| TASK TO CARRY OUT |
Print, exactly as they stand, the lines from the start of the listing to the line containing "13K Yellow Gold", inclusive.

★ ★ ★

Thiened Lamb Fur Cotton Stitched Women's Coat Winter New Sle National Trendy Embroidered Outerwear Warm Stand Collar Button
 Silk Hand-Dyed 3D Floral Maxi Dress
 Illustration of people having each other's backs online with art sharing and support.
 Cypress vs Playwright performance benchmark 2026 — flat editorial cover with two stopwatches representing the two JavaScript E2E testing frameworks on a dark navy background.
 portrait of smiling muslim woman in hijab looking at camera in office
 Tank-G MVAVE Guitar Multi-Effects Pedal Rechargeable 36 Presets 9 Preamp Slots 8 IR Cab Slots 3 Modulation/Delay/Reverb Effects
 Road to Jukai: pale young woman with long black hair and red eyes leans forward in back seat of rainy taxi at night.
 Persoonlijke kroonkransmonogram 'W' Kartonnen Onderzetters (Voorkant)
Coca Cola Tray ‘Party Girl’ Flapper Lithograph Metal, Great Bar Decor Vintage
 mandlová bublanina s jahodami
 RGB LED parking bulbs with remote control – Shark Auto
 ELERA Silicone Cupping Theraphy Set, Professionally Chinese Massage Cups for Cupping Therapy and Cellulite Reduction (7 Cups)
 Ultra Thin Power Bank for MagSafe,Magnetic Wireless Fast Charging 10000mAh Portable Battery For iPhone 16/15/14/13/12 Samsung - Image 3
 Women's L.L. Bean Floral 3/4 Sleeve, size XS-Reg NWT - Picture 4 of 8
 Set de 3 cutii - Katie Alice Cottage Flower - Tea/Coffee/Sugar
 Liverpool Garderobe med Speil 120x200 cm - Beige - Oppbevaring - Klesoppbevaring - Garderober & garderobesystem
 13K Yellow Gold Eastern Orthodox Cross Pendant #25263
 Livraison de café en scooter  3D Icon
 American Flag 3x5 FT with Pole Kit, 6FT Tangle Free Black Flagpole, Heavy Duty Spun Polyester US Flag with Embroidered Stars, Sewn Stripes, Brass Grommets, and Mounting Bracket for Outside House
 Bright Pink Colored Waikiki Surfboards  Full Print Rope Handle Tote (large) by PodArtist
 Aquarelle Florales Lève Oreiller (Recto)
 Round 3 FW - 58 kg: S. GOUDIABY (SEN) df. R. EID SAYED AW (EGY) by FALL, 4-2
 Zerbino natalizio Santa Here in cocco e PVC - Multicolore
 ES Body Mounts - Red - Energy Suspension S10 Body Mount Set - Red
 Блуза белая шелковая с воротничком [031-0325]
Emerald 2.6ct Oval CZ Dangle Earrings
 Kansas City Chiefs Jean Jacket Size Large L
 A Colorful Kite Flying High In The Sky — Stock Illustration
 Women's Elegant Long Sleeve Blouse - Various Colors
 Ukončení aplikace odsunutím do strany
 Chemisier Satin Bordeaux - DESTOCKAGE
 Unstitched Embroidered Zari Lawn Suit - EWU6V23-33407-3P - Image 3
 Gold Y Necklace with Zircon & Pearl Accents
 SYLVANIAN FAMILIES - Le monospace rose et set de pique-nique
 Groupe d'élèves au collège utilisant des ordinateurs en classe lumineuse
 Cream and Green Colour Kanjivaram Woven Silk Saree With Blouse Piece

★ ★ ★

| OUTPUT FOR THIS TASK |
Thiened Lamb Fur Cotton Stitched Women's Coat Winter New Sle National Trendy Embroidered Outerwear Warm Stand Collar Button
 Silk Hand-Dyed 3D Floral Maxi Dress
 Illustration of people having each other's backs online with art sharing and support.
 Cypress vs Playwright performance benchmark 2026 — flat editorial cover with two stopwatches representing the two JavaScript E2E testing frameworks on a dark navy background.
 portrait of smiling muslim woman in hijab looking at camera in office
 Tank-G MVAVE Guitar Multi-Effects Pedal Rechargeable 36 Presets 9 Preamp Slots 8 IR Cab Slots 3 Modulation/Delay/Reverb Effects
 Road to Jukai: pale young woman with long black hair and red eyes leans forward in back seat of rainy taxi at night.
 Persoonlijke kroonkransmonogram 'W' Kartonnen Onderzetters (Voorkant)
Coca Cola Tray ‘Party Girl’ Flapper Lithograph Metal, Great Bar Decor Vintage
 mandlová bublanina s jahodami
 RGB LED parking bulbs with remote control – Shark Auto
 ELERA Silicone Cupping Theraphy Set, Professionally Chinese Massage Cups for Cupping Therapy and Cellulite Reduction (7 Cups)
 Ultra Thin Power Bank for MagSafe,Magnetic Wireless Fast Charging 10000mAh Portable Battery For iPhone 16/15/14/13/12 Samsung - Image 3
 Women's L.L. Bean Floral 3/4 Sleeve, size XS-Reg NWT - Picture 4 of 8
 Set de 3 cutii - Katie Alice Cottage Flower - Tea/Coffee/Sugar
 Liverpool Garderobe med Speil 120x200 cm - Beige - Oppbevaring - Klesoppbevaring - Garderober & garderobesystem
 13K Yellow Gold Eastern Orthodox Cross Pendant #25263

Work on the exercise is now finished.